## What the exercise asks:
Below are the entries. Print only the lines starting at the one with "Keeley Emerald Cut Hoop Earrings - EFU6PDJON" and ending at the one with "Vaso Termico Acero", exactly, with no pictures.

## Data:

========================

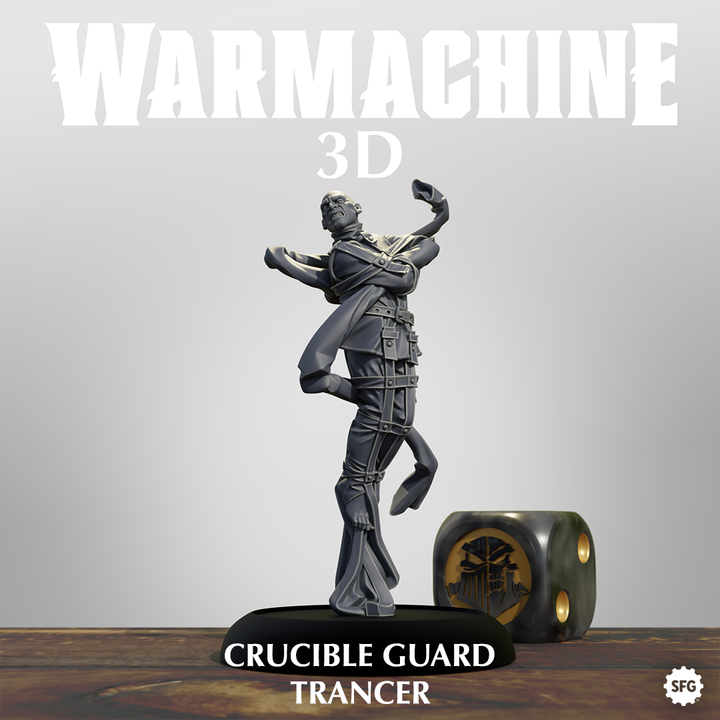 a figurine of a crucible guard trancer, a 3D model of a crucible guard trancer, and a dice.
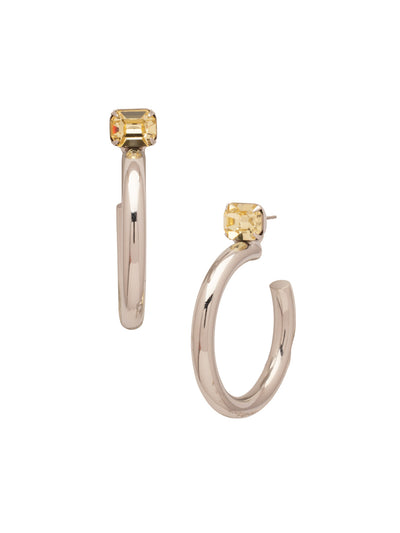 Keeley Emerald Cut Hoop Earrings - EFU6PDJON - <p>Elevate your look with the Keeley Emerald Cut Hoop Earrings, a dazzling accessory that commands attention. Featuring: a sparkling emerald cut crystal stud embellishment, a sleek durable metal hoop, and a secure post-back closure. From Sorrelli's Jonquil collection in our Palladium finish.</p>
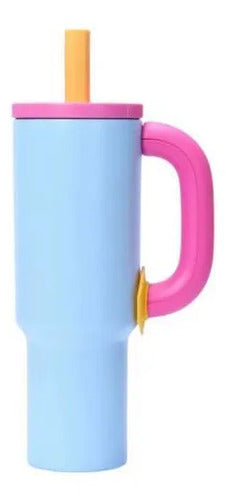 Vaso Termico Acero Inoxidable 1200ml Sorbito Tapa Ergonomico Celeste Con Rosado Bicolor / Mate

========================

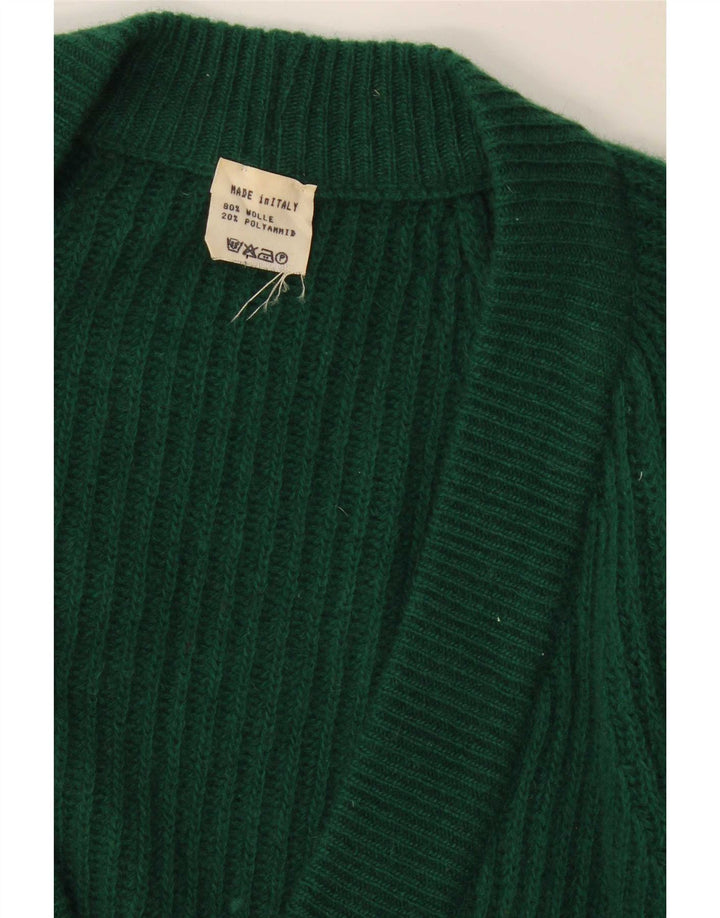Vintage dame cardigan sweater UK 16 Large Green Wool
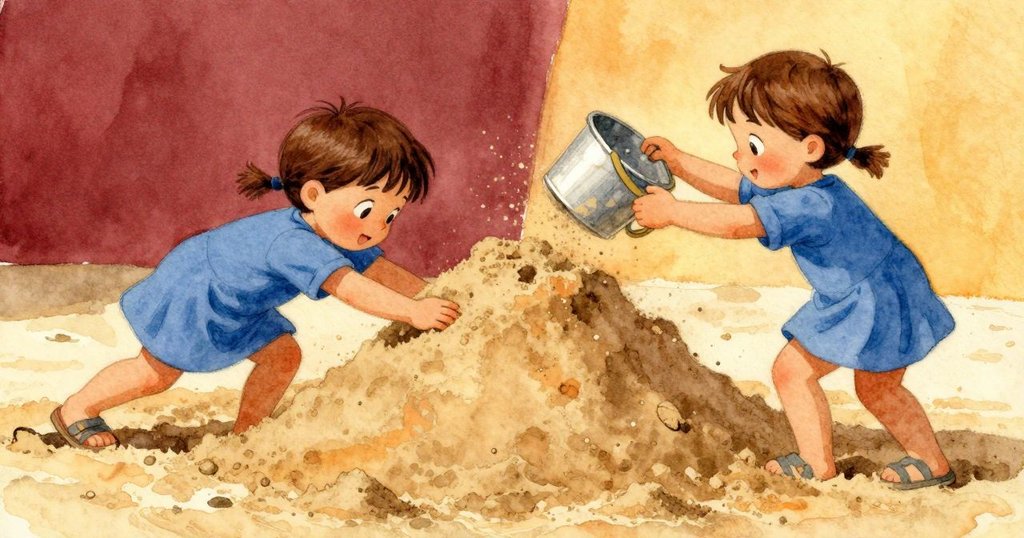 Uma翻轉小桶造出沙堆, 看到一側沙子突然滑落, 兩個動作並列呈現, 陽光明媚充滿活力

========================

## Response to this task:
 Keeley Emerald Cut Hoop Earrings - EFU6PDJON - <p>Elevate your look with the Keeley Emerald Cut Hoop Earrings, a dazzling accessory that commands attention. Featuring: a sparkling emerald cut crystal stud embellishment, a sleek durable metal hoop, and a secure post-back closure. From Sorrelli's Jonquil collection in our Palladium finish.</p>
 Vaso Termico Acero Inoxidable 1200ml Sorbito Tapa Ergonomico Celeste Con Rosado Bicolor / Mate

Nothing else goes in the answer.